Reputation: 783
I'm working on the Yelp Dataset using Spark Dataframe. I'm having issues with using filter().
It seems I cannot specify integers, only strings?
Here's my code
def fiveStarBusinessesDF(yelpBusinesses: DataFrame):DataFrame = {
yelpBusinesses.select("name", "stars", "review_count").filter("stars" == 5, "review_count" >= 1000)
}
Here's one row from the yelp dataset:
{"business_id":"1SWheh84yJXfytovILXOAQ","name":"Arizona Biltmore Golf Club","address":"2818 E Camino Acequia Drive","city":"Phoenix","state":"AZ","postal_code":"85016","latitude":33.5221425,"longitude":-112.0184807,"stars":3.0,"review_count":5,"is_open":0,"attributes":{"GoodForKids":"False"},"categories":"Golf, Active Life","hours":null}
Clearly the stars and review_count are both integers, and not strings.

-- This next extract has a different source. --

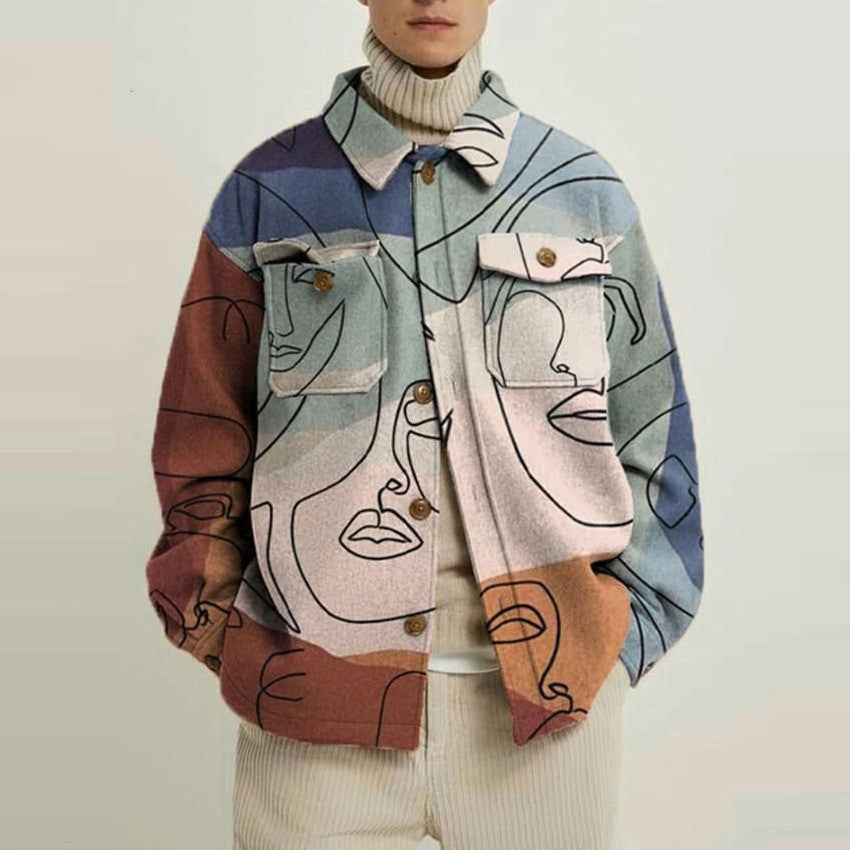 Abstract Line Art Lapel Printed Loose Men's Shirt Jacket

The output of my function should be a DataFrame with the names, stars and review_count of all business with 5 stars, and more than or equal to a 1000 review_count.
Upvotes: 0
Views: 2529
Reputation: 2451
try cast to int
import spark.implicits._
def fiveStarBusinessesDF(yelpBusinesses: DataFrame):DataFrame = {
yelpBusinesses.select('name, 'stars, 'review_count)
.filter('stars.cast("int") === 5 || 'review_count.cast("int") >= 1000)
}
Upvotes: 1
Reputation: 1274
I would try:
import spark.implicits._
def fiveStarBusinessesDF(yelpBusinesses: DataFrame):DataFrame = {
yelpBusinesses.select("name", "stars", "review_count")
.filter($"stars" === 5 && $"review_count" >= 1000)
}
Upvotes: 1
Reputation: 2397
Try to use this:
def fiveStarBusinessesDF(yelpBusinesses: DataFrame):DataFrame = {
yelpBusinesses.select("name", "stars", "review_count")
.filter("$stars" == 5 && "$review_count" >= 1000)
}
or like this:
import org.apache.spark.sql.functions._
def fiveStarBusinessesDF(yelpBusinesses: DataFrame):DataFrame = {
yelpBusinesses.select("name", "stars", "review_count")
.filter(col("stars") == lit(5) && col("review_count") >= lit(1000))
}
Upvotes: 1